(Crawled caption data)
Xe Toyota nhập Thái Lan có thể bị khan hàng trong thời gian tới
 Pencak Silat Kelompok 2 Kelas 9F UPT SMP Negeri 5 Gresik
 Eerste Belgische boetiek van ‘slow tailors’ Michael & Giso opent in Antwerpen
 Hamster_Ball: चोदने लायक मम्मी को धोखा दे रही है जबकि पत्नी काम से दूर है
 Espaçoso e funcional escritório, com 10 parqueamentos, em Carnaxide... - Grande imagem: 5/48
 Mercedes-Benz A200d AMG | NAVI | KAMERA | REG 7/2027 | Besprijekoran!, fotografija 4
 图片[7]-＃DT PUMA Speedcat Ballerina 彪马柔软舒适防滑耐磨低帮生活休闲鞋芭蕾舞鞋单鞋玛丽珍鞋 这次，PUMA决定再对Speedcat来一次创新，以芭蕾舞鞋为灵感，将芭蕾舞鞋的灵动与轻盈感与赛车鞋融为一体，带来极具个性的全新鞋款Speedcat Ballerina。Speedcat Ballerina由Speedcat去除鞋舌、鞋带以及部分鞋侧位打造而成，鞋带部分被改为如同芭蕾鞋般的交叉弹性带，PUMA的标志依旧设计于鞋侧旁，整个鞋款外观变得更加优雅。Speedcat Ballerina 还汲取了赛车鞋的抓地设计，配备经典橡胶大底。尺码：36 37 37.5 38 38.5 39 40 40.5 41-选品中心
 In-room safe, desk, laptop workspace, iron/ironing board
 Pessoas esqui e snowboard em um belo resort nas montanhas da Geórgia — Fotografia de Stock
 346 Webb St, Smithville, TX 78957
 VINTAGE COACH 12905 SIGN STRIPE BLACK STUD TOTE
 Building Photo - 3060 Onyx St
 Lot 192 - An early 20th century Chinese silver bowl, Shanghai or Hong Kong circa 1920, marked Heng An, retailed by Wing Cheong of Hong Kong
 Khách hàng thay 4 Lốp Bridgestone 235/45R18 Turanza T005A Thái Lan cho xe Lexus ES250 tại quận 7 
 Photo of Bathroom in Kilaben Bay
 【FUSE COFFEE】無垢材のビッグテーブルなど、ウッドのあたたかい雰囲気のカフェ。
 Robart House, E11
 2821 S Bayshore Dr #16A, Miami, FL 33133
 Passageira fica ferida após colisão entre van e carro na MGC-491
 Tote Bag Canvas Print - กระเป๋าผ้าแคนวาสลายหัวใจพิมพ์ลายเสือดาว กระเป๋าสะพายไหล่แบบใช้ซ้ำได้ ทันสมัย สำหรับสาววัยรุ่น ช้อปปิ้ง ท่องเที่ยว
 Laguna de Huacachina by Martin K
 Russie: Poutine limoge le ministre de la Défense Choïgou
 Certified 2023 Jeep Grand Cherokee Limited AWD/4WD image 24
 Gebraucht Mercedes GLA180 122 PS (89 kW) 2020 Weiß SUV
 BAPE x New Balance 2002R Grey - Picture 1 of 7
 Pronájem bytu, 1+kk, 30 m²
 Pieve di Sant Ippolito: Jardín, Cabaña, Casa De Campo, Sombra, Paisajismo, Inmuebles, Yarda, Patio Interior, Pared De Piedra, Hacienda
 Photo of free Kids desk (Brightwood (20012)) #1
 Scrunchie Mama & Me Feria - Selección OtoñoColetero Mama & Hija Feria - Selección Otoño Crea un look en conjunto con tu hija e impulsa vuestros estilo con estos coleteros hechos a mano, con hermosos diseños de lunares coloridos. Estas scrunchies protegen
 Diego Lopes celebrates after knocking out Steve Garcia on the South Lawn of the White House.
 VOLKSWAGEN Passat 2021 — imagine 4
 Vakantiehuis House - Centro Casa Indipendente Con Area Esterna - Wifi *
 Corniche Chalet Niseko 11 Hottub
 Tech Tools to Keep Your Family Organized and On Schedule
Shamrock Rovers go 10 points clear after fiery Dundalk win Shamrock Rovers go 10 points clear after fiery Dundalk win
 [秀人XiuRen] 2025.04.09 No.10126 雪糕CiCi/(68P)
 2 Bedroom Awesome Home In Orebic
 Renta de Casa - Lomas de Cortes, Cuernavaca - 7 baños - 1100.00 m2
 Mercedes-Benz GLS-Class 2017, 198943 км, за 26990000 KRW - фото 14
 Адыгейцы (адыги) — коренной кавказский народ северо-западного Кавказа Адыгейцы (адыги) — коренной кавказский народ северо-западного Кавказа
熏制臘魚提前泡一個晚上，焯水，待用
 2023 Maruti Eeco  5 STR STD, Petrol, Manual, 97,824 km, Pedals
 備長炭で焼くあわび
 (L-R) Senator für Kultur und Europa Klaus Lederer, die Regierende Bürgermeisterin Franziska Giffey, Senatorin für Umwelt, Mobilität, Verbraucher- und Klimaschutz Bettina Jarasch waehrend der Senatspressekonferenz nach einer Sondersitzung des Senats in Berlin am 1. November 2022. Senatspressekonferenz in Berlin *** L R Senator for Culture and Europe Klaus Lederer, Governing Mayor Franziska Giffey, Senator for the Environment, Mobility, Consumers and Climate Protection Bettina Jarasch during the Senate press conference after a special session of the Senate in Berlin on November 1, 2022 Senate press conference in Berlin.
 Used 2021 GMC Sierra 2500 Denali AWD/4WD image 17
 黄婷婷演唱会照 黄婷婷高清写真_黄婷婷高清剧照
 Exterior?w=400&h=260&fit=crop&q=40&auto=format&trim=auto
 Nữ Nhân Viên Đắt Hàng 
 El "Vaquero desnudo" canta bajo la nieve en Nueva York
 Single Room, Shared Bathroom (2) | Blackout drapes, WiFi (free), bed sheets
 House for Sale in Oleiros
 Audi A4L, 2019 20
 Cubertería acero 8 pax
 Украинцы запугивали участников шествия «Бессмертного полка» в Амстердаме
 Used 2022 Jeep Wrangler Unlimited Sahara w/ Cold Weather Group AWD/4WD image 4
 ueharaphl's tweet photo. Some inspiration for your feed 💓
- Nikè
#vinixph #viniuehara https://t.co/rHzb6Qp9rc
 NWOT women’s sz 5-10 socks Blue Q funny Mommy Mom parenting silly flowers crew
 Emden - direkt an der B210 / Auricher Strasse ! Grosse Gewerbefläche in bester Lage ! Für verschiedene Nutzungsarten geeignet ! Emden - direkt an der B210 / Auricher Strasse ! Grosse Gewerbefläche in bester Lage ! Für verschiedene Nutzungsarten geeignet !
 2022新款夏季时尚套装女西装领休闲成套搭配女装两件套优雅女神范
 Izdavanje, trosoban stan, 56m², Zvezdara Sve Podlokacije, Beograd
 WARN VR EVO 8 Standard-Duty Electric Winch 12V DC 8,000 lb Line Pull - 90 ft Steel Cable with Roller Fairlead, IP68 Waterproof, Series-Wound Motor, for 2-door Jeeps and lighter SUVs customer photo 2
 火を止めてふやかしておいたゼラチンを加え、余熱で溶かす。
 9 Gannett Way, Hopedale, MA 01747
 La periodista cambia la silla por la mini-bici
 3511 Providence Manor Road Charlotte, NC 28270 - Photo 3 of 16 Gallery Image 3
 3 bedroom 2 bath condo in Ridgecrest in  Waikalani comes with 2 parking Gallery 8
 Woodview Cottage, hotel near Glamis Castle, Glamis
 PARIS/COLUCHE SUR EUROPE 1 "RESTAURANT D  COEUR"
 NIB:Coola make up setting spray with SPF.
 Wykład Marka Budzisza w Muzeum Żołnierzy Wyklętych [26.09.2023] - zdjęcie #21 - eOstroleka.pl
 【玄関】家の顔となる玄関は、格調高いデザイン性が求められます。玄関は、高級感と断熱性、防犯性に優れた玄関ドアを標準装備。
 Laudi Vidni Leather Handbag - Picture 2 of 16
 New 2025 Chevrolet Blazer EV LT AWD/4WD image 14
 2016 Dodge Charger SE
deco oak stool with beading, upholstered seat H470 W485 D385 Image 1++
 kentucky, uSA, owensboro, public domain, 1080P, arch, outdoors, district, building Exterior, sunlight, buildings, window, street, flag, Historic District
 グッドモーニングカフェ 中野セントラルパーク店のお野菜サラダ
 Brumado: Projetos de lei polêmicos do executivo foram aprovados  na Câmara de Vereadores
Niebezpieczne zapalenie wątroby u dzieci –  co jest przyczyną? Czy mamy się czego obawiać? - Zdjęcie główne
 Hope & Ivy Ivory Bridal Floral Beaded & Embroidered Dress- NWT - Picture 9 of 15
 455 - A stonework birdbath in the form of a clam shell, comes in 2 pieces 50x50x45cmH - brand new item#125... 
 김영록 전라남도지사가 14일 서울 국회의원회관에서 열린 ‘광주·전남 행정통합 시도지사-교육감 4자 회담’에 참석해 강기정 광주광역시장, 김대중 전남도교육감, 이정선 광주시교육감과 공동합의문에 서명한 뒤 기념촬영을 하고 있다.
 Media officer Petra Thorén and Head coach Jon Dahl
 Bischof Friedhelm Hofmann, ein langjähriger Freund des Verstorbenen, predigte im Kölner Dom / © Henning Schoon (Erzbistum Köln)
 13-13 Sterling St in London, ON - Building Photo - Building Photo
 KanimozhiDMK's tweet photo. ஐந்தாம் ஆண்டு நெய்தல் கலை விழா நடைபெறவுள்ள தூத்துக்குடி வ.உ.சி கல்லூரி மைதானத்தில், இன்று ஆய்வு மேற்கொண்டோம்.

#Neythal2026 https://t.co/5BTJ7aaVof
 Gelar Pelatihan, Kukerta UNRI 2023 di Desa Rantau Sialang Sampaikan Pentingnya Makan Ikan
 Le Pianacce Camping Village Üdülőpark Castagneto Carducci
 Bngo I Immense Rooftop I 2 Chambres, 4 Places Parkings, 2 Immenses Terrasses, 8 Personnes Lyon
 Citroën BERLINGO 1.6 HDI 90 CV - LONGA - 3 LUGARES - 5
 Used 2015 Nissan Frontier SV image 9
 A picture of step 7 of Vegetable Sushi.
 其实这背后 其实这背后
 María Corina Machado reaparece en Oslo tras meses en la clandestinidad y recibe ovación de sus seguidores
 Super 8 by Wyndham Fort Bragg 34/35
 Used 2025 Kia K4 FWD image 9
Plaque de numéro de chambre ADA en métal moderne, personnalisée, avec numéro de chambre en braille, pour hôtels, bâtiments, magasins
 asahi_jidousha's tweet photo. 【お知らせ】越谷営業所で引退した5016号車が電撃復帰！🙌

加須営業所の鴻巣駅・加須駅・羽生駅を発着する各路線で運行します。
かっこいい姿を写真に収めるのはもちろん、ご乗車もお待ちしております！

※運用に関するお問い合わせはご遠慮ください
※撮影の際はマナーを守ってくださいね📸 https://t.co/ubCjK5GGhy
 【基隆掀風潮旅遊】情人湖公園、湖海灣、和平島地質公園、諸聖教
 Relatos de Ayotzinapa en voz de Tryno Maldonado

**WHAT THIS TASK INVOLVES**. Checking each line above, count the ones that hold the word "comes" and state the total alone.

**TASK ANSWER**. 2